Based on the book by David McMullough, HBO's John Adams (Paul Giamatti) covers the life of the would-be second President of the United States in the way only HBO can. I often give a lot of credit to PBS for making even the most mundane of topics interesting. In many respects, HBO is able to pull off the same feat by taking history and tossing in a little dramatic know-how (not that early American politics needed much drama added to it).
The series begins with Adam's life as a lawyer in 1770 and continues through his Presidency and eventual death. A large part of the series deals with Adam's constant frustrations with the still-fledgling government and the toll it eventually took on his family life. Time is equally split with his home life, in particular his devotion to his wife, Abigail (Laura Linney) and family.
Generally, the mini-series does a good job of showing both Adam's private and public life, though the split tends to muddle up the pacing. The first few episodes rocket along at a great pace as they set up Adams' background.
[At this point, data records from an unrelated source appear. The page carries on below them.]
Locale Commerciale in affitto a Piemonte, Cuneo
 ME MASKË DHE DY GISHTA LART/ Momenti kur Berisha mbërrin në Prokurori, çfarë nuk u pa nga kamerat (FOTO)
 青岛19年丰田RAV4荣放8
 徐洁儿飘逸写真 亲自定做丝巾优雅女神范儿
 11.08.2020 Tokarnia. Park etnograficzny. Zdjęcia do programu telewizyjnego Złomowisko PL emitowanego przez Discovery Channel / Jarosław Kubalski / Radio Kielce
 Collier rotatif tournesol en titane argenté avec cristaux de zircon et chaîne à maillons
About the time Adams gets into office, the series begins to buckle a bit under its own weight. It tries to keep the personal story going while wedging a bit of the country's early history. Were it not for stellar performances by Giamatti, Linney and a host of others, John Adams would likely fall apart in the middle.
The Blu-ray release ships with the same extras found in the DVD release along with a few "enhanced for Blu-ray" features. "Painting with Words" discusses McCullough's career, including his Pulitzer-winning novel, home life and interest in John Adams. There are a number of non-related anecdotes that, at times, seem pointless, but even the more off-topic anecdotes are fun - at least if you're the type that's interested in hearing about people's lives.
Another extra is a short "Making of..." featurette. Most of the runtime is dedicated to showing the painstaking process production designers went through to make the series as historically accurate as possible. The history behind the production is further focused on with two "pop-up" features. One is a set of 17 short biographies on the show's more significant figures, while the other offers background information on everything else.
John Adams is an accurate representation of the man it follows. Though not a perfect, awe-inspiring series, it isn't something to ignore or overlook. If you missed out on the DVD release, make sure you pick up the Blu-ray release.